Creation of groups during a Reproducibility Day event. Ideally, the individual members have differing backgrounds/perspectives illustrated here with geometric shapes.

The Reproducibility Day defines an event that takes place twice a year. Following a short introduction in the morning, all participants are assigned into groups of 2 to 3 people ideally with varying research background/perspectives. During the day, each group goes through two event blocks consisting of a “reproducibility” and a following “feedback” task. The “reproducibility” task is designed to give each group member time to reproduce their team partners work. This is done based on some pre-defined starting materials accessible to the whole research group. After working on reproducing their team partners work solely by themselves, the individual teams meet during the "feedback" task and discuss open questions, challenges, and exchange feedback about code and documentation before going into the second round of the event block in the afternoon. The event closes with a general meeting of all participant in which challenges, potential improvements about the concept of the day, and adaptions of the local reproducibility guidelines are discussed. Additional social activities following the event are generally recommended.

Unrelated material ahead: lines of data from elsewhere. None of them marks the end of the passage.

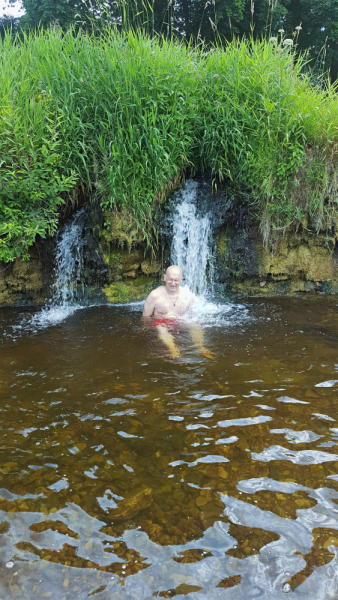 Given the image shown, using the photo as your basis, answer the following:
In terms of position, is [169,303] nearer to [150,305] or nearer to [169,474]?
[150,305]

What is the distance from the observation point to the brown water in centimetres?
164

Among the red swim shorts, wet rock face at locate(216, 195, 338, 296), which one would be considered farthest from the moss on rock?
the red swim shorts

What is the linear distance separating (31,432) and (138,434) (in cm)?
68

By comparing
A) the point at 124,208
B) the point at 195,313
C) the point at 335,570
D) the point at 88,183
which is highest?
the point at 88,183

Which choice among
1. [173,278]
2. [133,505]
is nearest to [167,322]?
[173,278]

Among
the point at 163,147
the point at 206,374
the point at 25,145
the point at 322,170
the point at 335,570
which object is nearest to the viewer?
the point at 335,570

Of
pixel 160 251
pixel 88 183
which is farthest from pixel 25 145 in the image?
pixel 160 251

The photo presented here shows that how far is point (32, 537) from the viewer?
70.5 inches

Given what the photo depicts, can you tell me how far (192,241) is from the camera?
5711 mm

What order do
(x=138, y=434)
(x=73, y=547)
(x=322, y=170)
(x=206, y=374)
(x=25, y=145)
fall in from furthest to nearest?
1. (x=322, y=170)
2. (x=25, y=145)
3. (x=206, y=374)
4. (x=138, y=434)
5. (x=73, y=547)

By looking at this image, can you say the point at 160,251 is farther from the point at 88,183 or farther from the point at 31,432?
the point at 31,432

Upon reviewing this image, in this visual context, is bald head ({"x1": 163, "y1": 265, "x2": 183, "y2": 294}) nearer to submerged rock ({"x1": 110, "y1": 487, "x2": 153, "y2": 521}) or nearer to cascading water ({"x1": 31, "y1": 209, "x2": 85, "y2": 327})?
cascading water ({"x1": 31, "y1": 209, "x2": 85, "y2": 327})

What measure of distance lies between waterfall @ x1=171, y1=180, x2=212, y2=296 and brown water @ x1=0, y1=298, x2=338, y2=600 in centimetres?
215

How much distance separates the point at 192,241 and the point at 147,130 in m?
1.58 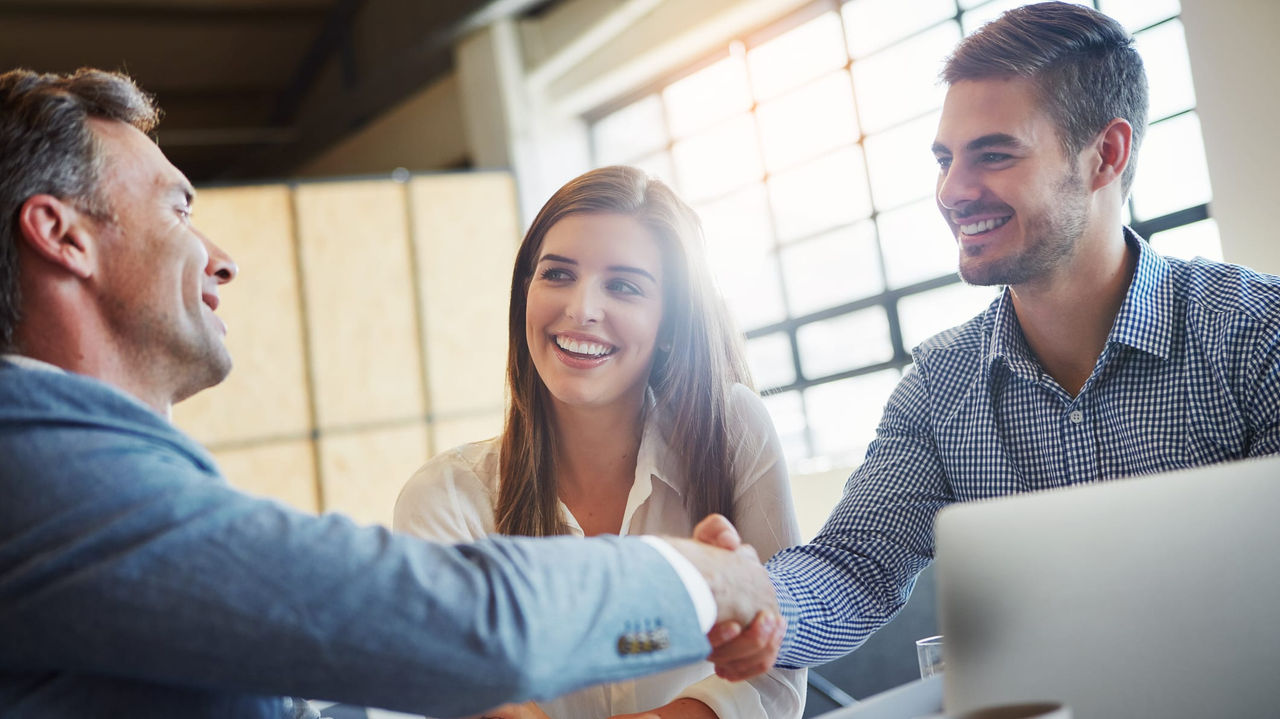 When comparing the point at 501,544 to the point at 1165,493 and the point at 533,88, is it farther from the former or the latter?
the point at 533,88

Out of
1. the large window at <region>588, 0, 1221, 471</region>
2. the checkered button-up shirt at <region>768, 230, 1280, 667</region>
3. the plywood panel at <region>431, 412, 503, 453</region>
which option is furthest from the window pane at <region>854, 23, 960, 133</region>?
the checkered button-up shirt at <region>768, 230, 1280, 667</region>

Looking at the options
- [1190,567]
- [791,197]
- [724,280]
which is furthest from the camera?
[724,280]

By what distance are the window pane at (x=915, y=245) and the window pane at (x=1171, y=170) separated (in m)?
0.76

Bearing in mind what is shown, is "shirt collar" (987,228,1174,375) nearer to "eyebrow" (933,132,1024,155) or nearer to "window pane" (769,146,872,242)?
"eyebrow" (933,132,1024,155)

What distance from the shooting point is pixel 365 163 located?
7.05m

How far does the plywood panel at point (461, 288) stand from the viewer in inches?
205

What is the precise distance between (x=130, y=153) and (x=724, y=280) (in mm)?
4131

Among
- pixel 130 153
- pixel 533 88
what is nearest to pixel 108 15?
pixel 533 88

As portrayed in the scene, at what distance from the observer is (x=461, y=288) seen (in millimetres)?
5289

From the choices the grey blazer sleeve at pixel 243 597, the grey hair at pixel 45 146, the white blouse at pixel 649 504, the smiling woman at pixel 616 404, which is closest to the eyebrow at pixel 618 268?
the smiling woman at pixel 616 404

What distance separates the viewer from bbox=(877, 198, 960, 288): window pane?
4258 millimetres

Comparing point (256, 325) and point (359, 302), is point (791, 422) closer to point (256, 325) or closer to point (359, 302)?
point (359, 302)

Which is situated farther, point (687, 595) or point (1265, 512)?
point (687, 595)

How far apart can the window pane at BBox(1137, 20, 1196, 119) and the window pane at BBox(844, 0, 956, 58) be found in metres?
0.84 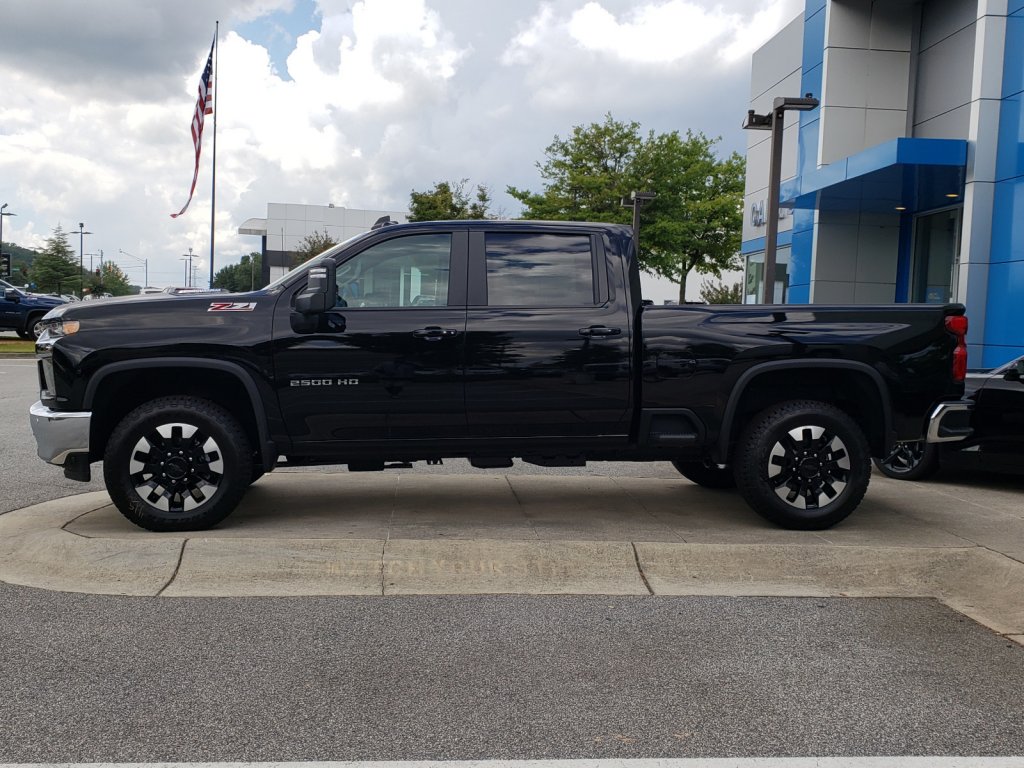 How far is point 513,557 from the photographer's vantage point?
5.46 m

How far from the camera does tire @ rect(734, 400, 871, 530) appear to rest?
20.4 ft

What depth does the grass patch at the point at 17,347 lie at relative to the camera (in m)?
26.2

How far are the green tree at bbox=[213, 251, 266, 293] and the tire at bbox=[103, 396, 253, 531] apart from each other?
316ft

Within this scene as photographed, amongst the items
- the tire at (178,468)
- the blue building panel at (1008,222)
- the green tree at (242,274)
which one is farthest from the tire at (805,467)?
the green tree at (242,274)

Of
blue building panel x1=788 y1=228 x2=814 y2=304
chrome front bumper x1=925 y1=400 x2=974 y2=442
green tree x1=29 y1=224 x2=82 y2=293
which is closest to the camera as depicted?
chrome front bumper x1=925 y1=400 x2=974 y2=442

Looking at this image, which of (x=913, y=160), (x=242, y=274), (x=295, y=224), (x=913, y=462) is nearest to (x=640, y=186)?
(x=913, y=160)

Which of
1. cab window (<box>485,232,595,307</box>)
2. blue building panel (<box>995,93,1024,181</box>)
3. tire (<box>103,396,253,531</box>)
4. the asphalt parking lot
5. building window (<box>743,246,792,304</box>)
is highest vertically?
blue building panel (<box>995,93,1024,181</box>)

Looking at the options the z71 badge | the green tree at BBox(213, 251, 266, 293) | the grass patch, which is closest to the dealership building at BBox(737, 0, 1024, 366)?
the z71 badge

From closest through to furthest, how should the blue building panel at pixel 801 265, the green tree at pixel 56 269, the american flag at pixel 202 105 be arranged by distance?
1. the blue building panel at pixel 801 265
2. the american flag at pixel 202 105
3. the green tree at pixel 56 269

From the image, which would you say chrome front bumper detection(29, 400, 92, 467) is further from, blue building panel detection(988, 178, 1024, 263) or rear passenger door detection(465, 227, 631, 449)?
blue building panel detection(988, 178, 1024, 263)

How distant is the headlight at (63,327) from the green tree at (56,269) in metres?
74.8

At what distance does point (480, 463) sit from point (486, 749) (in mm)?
3195

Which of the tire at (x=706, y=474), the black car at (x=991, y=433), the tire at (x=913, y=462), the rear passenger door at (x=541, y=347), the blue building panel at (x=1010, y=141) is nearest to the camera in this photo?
the rear passenger door at (x=541, y=347)

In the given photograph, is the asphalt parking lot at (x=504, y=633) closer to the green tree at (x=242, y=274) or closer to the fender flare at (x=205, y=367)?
the fender flare at (x=205, y=367) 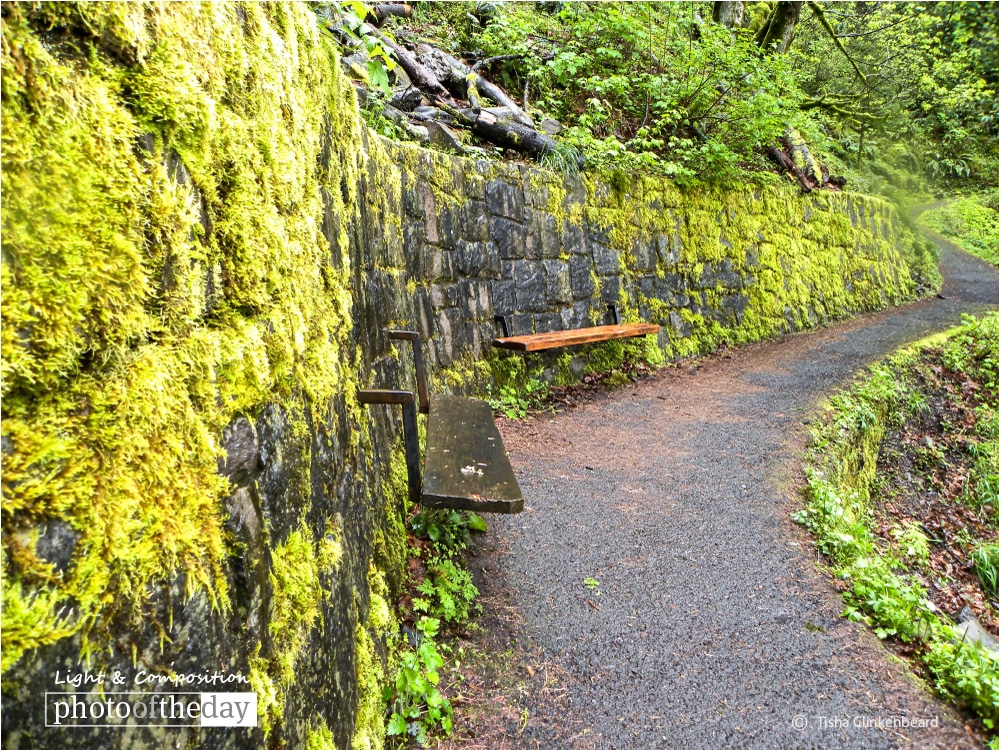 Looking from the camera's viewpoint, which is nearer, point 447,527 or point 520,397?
point 447,527

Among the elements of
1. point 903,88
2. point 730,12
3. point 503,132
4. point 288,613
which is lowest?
point 288,613

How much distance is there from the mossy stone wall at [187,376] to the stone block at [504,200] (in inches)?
115

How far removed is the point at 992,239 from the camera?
1811 centimetres

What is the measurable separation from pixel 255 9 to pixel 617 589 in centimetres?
272

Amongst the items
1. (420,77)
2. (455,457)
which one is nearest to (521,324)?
(420,77)

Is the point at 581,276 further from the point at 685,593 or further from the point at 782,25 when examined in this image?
the point at 782,25

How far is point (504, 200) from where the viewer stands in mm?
5535

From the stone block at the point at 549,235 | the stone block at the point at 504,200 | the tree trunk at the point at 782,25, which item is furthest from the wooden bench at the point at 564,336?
the tree trunk at the point at 782,25

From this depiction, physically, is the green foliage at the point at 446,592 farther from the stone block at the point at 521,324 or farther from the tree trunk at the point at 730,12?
the tree trunk at the point at 730,12

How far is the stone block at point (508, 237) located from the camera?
5.44 metres

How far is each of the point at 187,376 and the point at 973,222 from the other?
2375 cm

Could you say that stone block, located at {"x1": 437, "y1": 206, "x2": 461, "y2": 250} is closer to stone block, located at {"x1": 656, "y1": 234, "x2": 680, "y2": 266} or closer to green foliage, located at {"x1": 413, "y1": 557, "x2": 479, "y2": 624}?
green foliage, located at {"x1": 413, "y1": 557, "x2": 479, "y2": 624}

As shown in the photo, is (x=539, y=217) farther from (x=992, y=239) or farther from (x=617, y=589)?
(x=992, y=239)

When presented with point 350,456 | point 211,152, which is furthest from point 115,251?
point 350,456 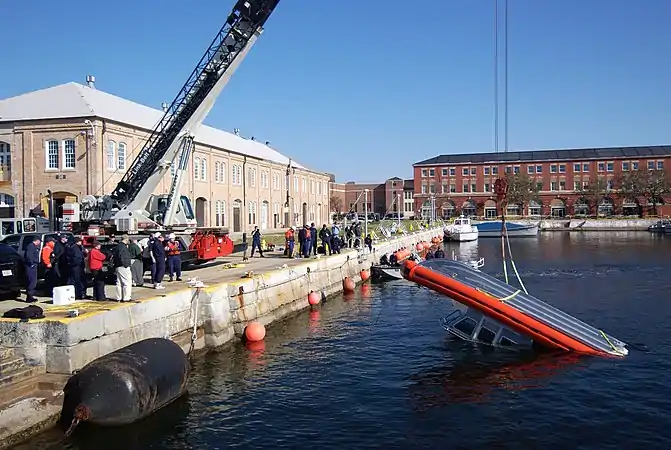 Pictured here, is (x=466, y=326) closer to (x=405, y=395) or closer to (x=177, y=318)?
(x=405, y=395)

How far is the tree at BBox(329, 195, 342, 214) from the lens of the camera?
131750 millimetres

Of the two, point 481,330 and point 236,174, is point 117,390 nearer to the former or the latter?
point 481,330

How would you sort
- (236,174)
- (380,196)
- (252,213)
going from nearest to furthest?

Illustration of a typical timetable for the Reproducibility Day event. It mainly consists of two event blocks with a "reproducibility" and a "feedback" task.

To run smoothly, the Reproducibility Day requires some preparation. First, a base documentation need to be defined. It is the centralized starting point for each participant to reproduce their team partners work during the "reproducibility" task. Ideally, this documentation already includes references and details about the to-be-reproduced project acting as a central landing page with all required information easily accessible. Here, solutions based on internal media wikis are recommendable, but as long as all group members have access to it and references to git repositories, archive paths, general text-based documentation, presentations, images, and videos can be stored every centralized documentation tool should be sufficient. On a daily basis, every group member is responsible for their own project landing pages and is required to keep them up-to-date. Additionally, local reproducibility and/or good-scientific-praxis guidelines are recommended. They provide guidance about the style and content of the documentation and significantly simplify the on-boarding of new group members. These guidelines can be discussed and updated with every iteration of the Reproducibility Day event.

Illustration of the advantages of the Reproducibility Day for the individual participants on the left and the local institution on the right.

From an individual perspective the Reproducibility Day creates a relaxed and socially comfortable atmosphere to experience and learn about the benefits and challenges of reproducible research. The participants benefit from learning about other projects, new tools, and receive feedback about their own work that strengthens social connections and internal collaborations, improves documentation, as well as the individual development of each participant.
From an institutional point-of-view, documentation is created and continuously revised by people with different perspectives. By combining this overall improvement of the documentation with the distribution of knowledge across the group, due to revisiting other group members work continuously, the loss of knowledge, especially in areas of high personnel fluctuations, can be reduced.